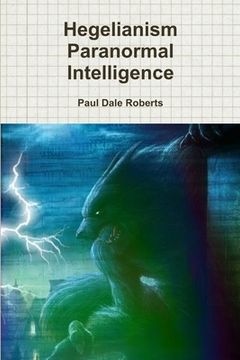 portada Hegelianism Paranormal Intelligence (in English)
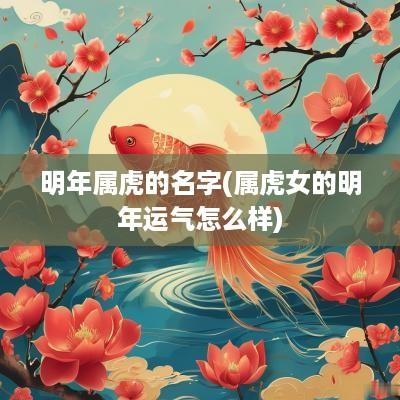 明年属虎的名字(属虎女的明年运气怎么样)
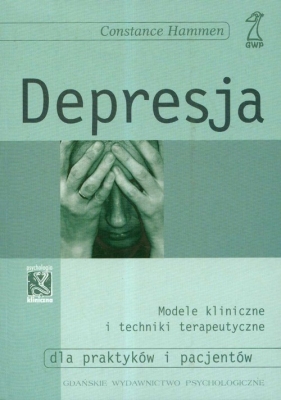 Depresja Modele kliniczne i techniki terapeutyczne dla praktyków i pacjentów - Hammen Constance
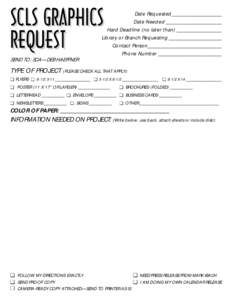 SCLS GRAPHIC REQUEST FORM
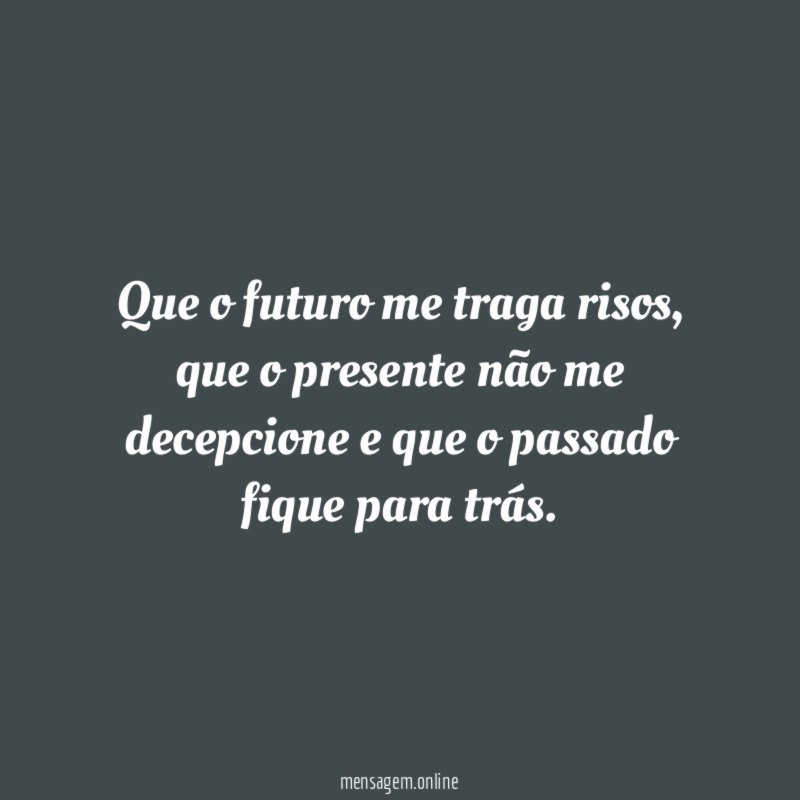 Que o futuro me traga risos
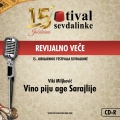 Vino piju age Sarajlije (Live)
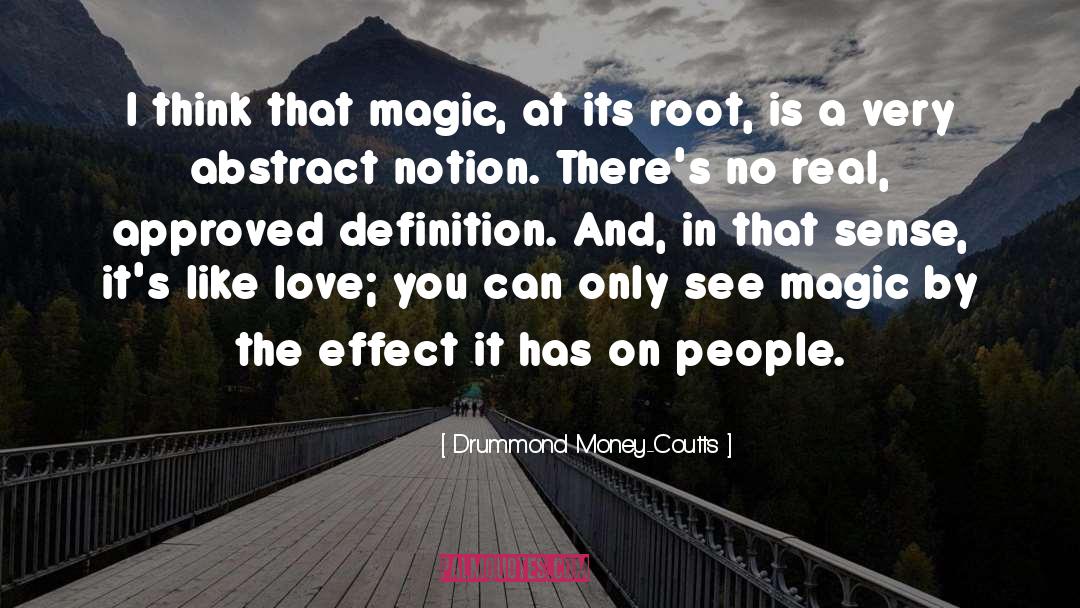 Abstract Imaginings quotes by Drummond Money-Coutts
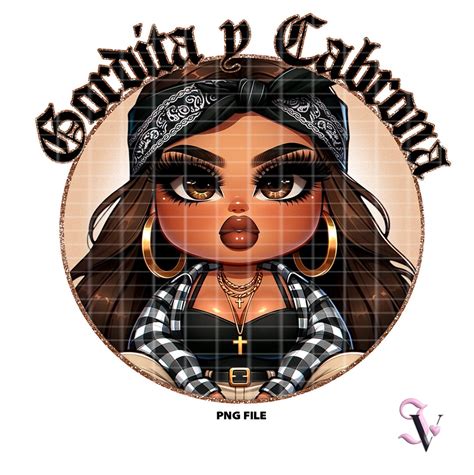 Gordita Y Cabrona Chicana Chola Chibi Style Latina Sayings Shirt Png For Dtf Iron On Print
☆ ☆ ☆ ☆ ☆ ☆ ☆
- [Exercise objective]: Could you set down nothing but the lines from the one containing "Vino piju age Sarajlije (Live)" through the last line of the records above, both ends included, exactly as given and free of pictures?

- [Solved problem]:
 Vino piju age Sarajlije (Live)
 Abstract Imaginings quotes by Drummond Money-Coutts
 Gordita Y Cabrona Chicana Chola Chibi Style Latina Sayings Shirt Png For Dtf Iron On Print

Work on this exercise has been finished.